Dr. Madlen Müller-Wuttke: Denkbar ist auch ein Einsatz in Kunstausstellungen oder generell in Museen. Anders als bei virtuellen Ausstellungen, die auf 360-Grad-Aufnahmen setzen, gibt es bei der digitalen Ritterkapelle keine vorgefertigten Punkte, zu denen ich springe oder von denen aus ich etwas betrachten muss. In der digitalen Kapelle können Besucherinnen und Besucher durch die Kirche und um Objekte herumlaufen.
Was ist noch denkbar?
Prof. Nicholas Müller: Ich denke auch an hybride Lehre. Die Studierenden können sich in einem virtuellen Seminarraum aufhalten, welcher exakt so aussieht wie der Raum in der realen Welt. Also kein generischer Raum einer Konferenzsoftware, sondern die vertrauten vier Wände. Darüber hinaus wird an der Professur gerade das Modell der Ritterkapelle um eine Game-Based-Learning-Anwendung erweitert, bei der Wissen zur Kapelle mittels eines virtuellen Escape-Rooms vermittelt wird.
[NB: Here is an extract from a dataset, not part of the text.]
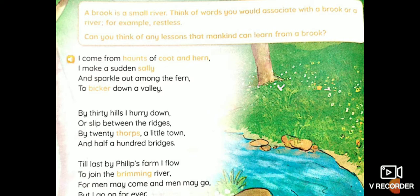So word meanings usmei honge. Now bicker yahaan iska matlab hai ki jaysae woh bohot tezi se flow kar rahi hai mountain se. So jaysae hi woh valley ki taraf barh rahi hai, because of the flow — the flow is very fast, it's speedy. So uski wajah se the sound of the brook, it sounds as if ke woh jhagda kar rahi hai wali ke saath.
Zum Schluss die Frage: Wie geht es bei den Studis weiter?
Prof. Nicholas Müller: Aktuell (Stand September 2022) schreiben sie ihre Abschlussarbeiten. Es würde mich sehr freuen, wenn sie in dem Bereich weiter tätig werden.
Dr. Madlen Müller-Wuttke: An dieser Stelle von mir noch einmal Danke an das Studi-Team! Ich hoffe, dass es weitere Projekte gibt, bei denen wir die Technologie zusammen einsetzen können; gerne auch andere digitale Projekte, die uns in unserem Alltag ergänzen können. Und vielen Dank für das Interview!
Gerne und jetzt: viel Spaß beim Kirchenrundgang!